> [EXERCISE REQUIREMENTS] Transcribe everything in the listing as written, and let no image into the copy.

> [SUPPLIED MATERIAL]
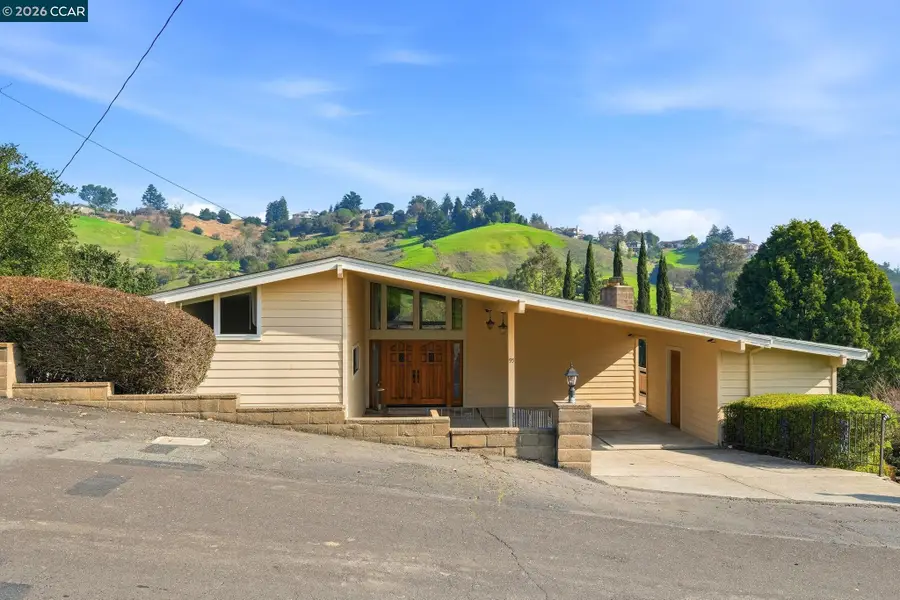 95 Mackie Dr, Martinez, CA 94553 - Image #3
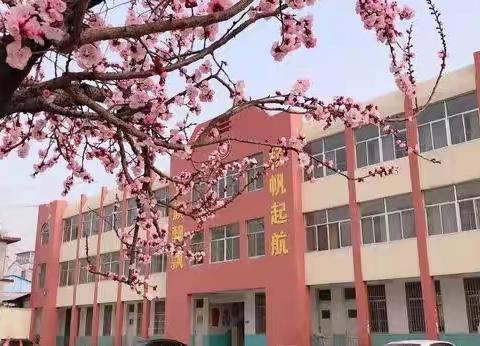 新老教师拜师结对 众志成城写华章—联城镇中心学校大城子校区新老教师结对帮扶拜师会暨四至六年级成绩分析会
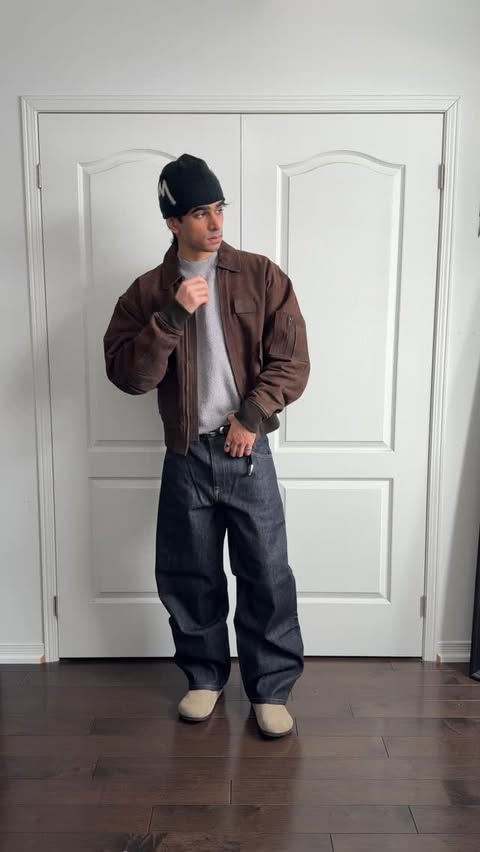 Instagram post by @omgessin for Birkenstock. Caption reads: [...] this new year with my london clogs ❄️....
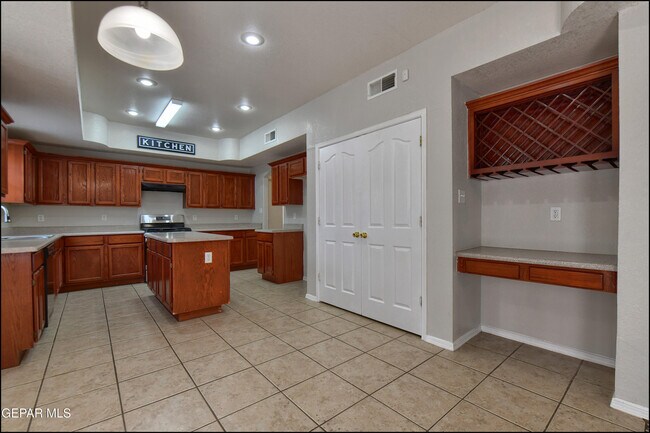 Building Photo - 3057 Tierra Mina Dr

> [WRITTEN SOLUTION]
 95 Mackie Dr, Martinez, CA 94553 - Image #3
 新老教师拜师结对 众志成城写华章—联城镇中心学校大城子校区新老教师结对帮扶拜师会暨四至六年级成绩分析会
 Instagram post by @omgessin for Birkenstock. Caption reads: [...] this new year with my london clogs ❄️....
 Building Photo - 3057 Tierra Mina Dr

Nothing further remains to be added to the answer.